I’m of the camp that never buys base model, but will keep it for at least five years. Always get the options as it makes for better resale and you never know what the resale market may look like in five years.
For example, buying a base model Rabbit (aka Golf) with basic options will yield you a bit of equity if you take care of it; however, in most markets your well kept base model will be punting against the horde of the Rental Fleet to potential buyers who, like you, don’t like to haggle over price. Cheaper equals better.
If however, you were to purchase a GTi or R32, and you keep it in good nick, you’ll have a very select market of car guys like myself who always wanted that model and am willing to pay a little more for a sweet bit of kit.
There are exceptions to this rule. There won’t be much of a difference to buying the base model Dodge Avenger SE to the SXT or R/T. You’ll get very little return on that investment regardless of how well kept it is. Literally the car that Al Bundy would drive to the shoe store career.
“keep it in good nick” “a sweet bit of kit”
Your Indian name is “Hangs With Limeys” :-D
Every high school should be required to teach a “Financial Reality” class and make it a requirement for graduation. How to establish and take care of your credit, living within your means, the importance of a viable trade/college degree, how compound interest works, etc. Would be a lot more valuable than fine art history or French class.
Living above your means and over extending yourself financially alwasys ends the same. In simple terms, you have to make more or spend less. You can’t escape financial gravity, no matter how hard you try.

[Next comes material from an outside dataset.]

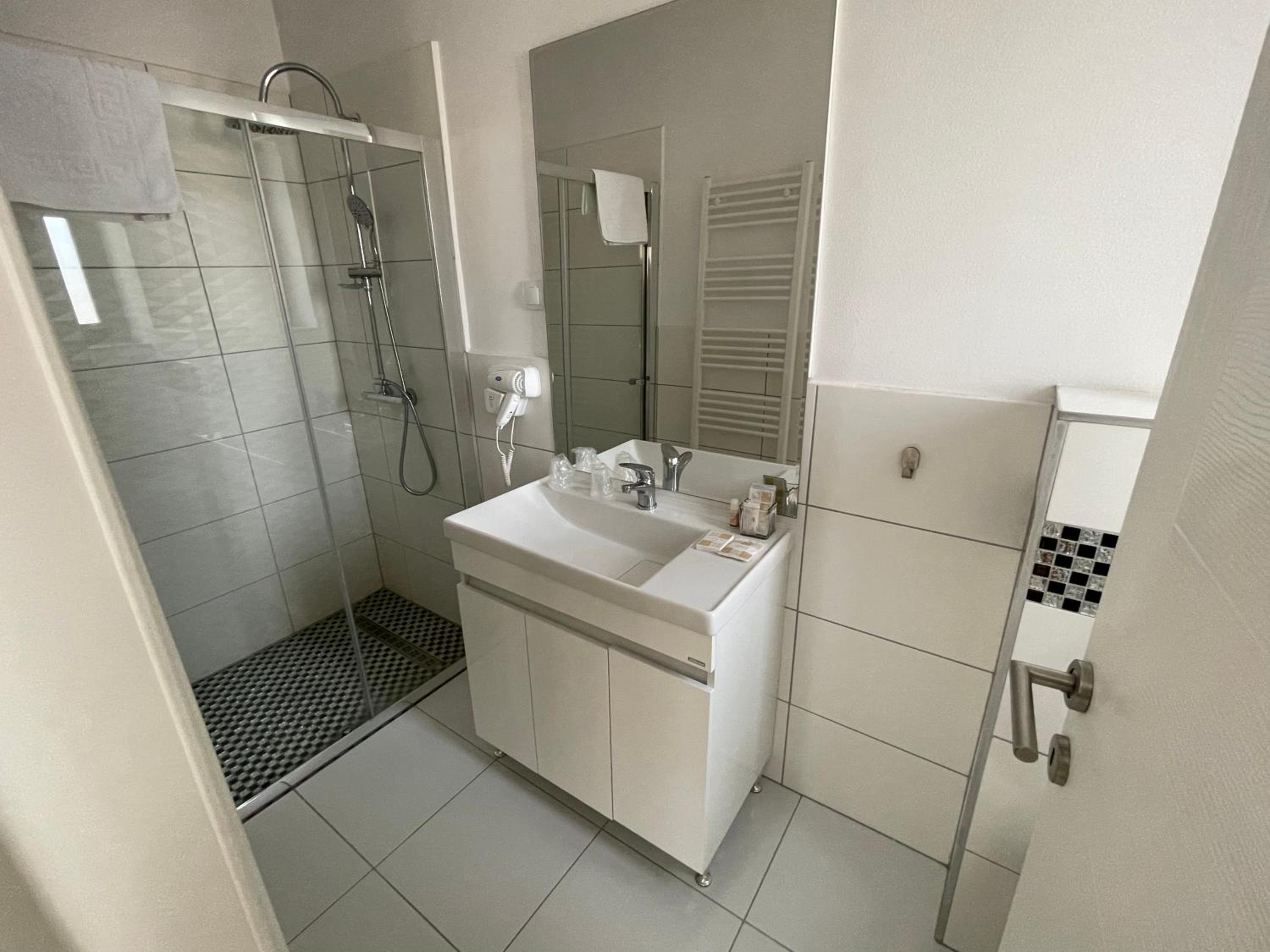 Two-Bedroom Apartment - Photo 7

Not everyone attends High School.
Financial concerns are not interested in a sophisticated consumer base, it makes taking their money much more difficult.
You’re implicitly assuming that the purpose of high schools is to educate or somehow prepare young people for their adult lives.
You’re also assuming that everyone would benefit from such a class. There is a serious portion of the USA population that struggles to do simple things like read and comprehend a newspaper article or review a utility bill for accuracy. Like 20% – and that’s not me being flippant, that’s a reality.
Like I said, some will win, some will lose. That’s the way it will always be.
If you can use someone else’s money for 84 at 0% why wouldn’t you? I think the whole thing about what other people should do with their money is kinda sick. If I can afford it and I am not in your pockets for the money pardon my french but piss off.